The Texas Department of Housing and Community Affairs (TDHCA) has released additional down payment assistance in conjunction with Mortgage Revenue Bond (MRB) Program 70.
Program highlights include:
• Approximately $14 million in non-targeted funds available
• Fixed Rate of 5.75%
• Down payment grant of up to 4% of first lien amount
• 580 minimum FICO score
• Dallas Income limits: (1 - 2 persons - $67,600); (3-4 persons - $77,740)
• Ft. Worth Income limits: (1 - 2 persons - $66,000); (3-4 persons - $75,900)
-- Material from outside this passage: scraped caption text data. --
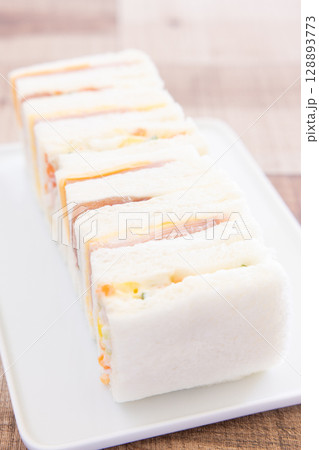 おいしいミックスサンド、ハムサンド、たまごサンド、野菜サンド 128893773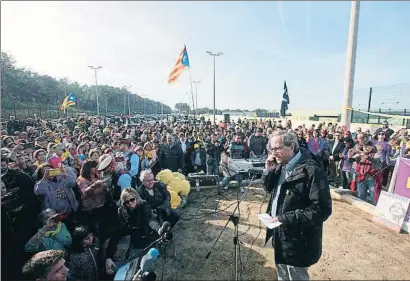  ?? JAUME SELLART / EFE ?? Torra visitó ayer a Carme Forcadell en la cárcel de Mas d’Enric y contactó por teléfono con Lledoners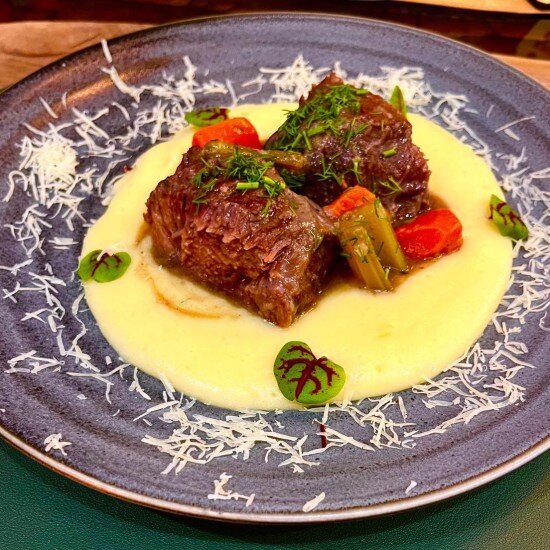 Телячьи щёчки с картофельным пюре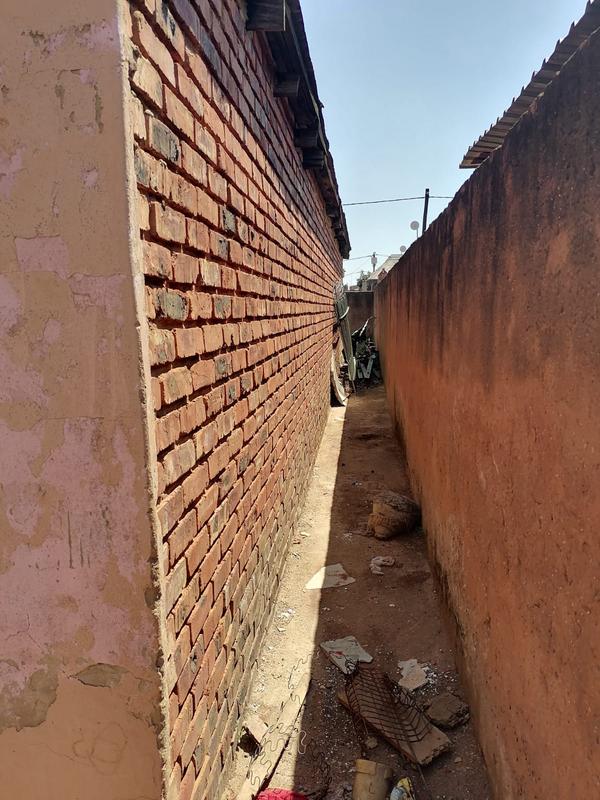 2 Bedroom Property for Sale in Lotus Gardens Gauteng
• Max. sales price - $258,690
• Home buyer education course required*
For more information about the TDHCA 70 program, please contact Nick Windham: (682) 365-6365 or nickw@vipmtg.com
This is being provided for informational purposes only and is not an offer of credit. *Additional requirements apply. Not all borrowers will qualify. V.I.P. Mortgage, 789 Lonesome Dove Tr, Hurst, TX 76054. Loan Officer License #84048
The Texas Department of Housing and Community Affairs (TDHCA) has released additional down payment assistance in conjunction with Mortgage Revenue Bond (MRB) Program 70.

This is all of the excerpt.